渡良瀬川から美術館、足利学校、鑁阿寺を経て、織姫神社の坂と眺めへ。三つの小さな発見をつないだ足利散歩。

運動公園を出ると、まず町の中心を横切る渡良瀬川へ向かった。渡良瀬橋の歌碑は有名な景色の入口なのに、昼の歩道では近所の道具のように静かで、その普通さが最初の発見になった。そこから足利市立美術館へ入り、川辺の明るさを展示室の濃い視線へ切り替える。次に足利学校では、古い建物を眺めるというより、学ぶ場所が今も町の真ん中にあることに驚いた。鑁阿寺では土塁と堀の内側を歩き、寺の境内と昔の居館が重なっている不思議を拾う。最後は織姫神社。229段は少し大げさに感じたけれど、登るほど赤い社殿と空が近づき、階段そのものが景色の編集者になった。川の光、残された学び、登った先の空。大きな名所を集めたというより、町の表情が三度変わる旅だった。

この旅の足跡

  1. 川面より先に、橋の鉄骨が目に入った。
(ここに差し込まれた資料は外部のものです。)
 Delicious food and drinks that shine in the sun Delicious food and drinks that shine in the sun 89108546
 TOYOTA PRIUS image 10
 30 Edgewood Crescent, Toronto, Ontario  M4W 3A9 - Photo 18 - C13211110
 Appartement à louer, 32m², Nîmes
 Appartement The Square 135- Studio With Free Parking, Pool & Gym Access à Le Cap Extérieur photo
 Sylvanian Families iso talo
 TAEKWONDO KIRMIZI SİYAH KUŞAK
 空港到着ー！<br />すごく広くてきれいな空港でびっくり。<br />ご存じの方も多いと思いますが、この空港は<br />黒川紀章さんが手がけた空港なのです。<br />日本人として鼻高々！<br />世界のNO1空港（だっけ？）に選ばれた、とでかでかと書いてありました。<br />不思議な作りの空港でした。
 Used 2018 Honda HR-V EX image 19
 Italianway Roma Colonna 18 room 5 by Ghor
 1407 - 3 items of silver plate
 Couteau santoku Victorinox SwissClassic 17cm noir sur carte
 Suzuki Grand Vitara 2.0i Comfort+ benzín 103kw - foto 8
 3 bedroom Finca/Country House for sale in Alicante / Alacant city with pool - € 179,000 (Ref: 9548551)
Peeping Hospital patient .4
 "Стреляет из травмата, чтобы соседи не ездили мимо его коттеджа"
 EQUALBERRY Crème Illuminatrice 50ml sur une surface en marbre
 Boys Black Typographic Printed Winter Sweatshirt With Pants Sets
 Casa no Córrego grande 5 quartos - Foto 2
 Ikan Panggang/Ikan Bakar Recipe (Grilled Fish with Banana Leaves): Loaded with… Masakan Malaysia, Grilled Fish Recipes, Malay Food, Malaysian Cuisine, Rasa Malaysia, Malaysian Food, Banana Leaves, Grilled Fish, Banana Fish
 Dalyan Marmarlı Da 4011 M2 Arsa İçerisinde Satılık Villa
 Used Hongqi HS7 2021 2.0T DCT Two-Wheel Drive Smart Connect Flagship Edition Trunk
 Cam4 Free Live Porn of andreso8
北側の歩道には歌碑があり、夕景の名所なのに昼は町の通り道らしい。その普通さが少し意外だった。
  2. 入口は小さく見えるのに、展示室へ入ると足利と両毛の文化を広い視野で見せてくれる。街歩きの途中で現代美術に切り替わる感じが、思ったより鮮やかだった。
  3. 門をくぐると、足利学校は観光施設というより静かな学びの庭に見えた。古い建物を見ているのに、いちばん新鮮だったのは「学ぶ場所」が町の中心に残っていることだった。
  4. 鑁阿寺の境内は無料で歩ける都市公園で、周囲には土塁と堀が残る。寺社の荘厳さだけでなく、昔の居館の防御線を歩いている感覚があり、足元の景色が急に立体的になった。
  5. 織姫神社へは本坂から229段。数字を見て身構えたが、登るほど赤い社殿と空の明るさが近づき、階段がそのまま景色の切り替え装置になっていた。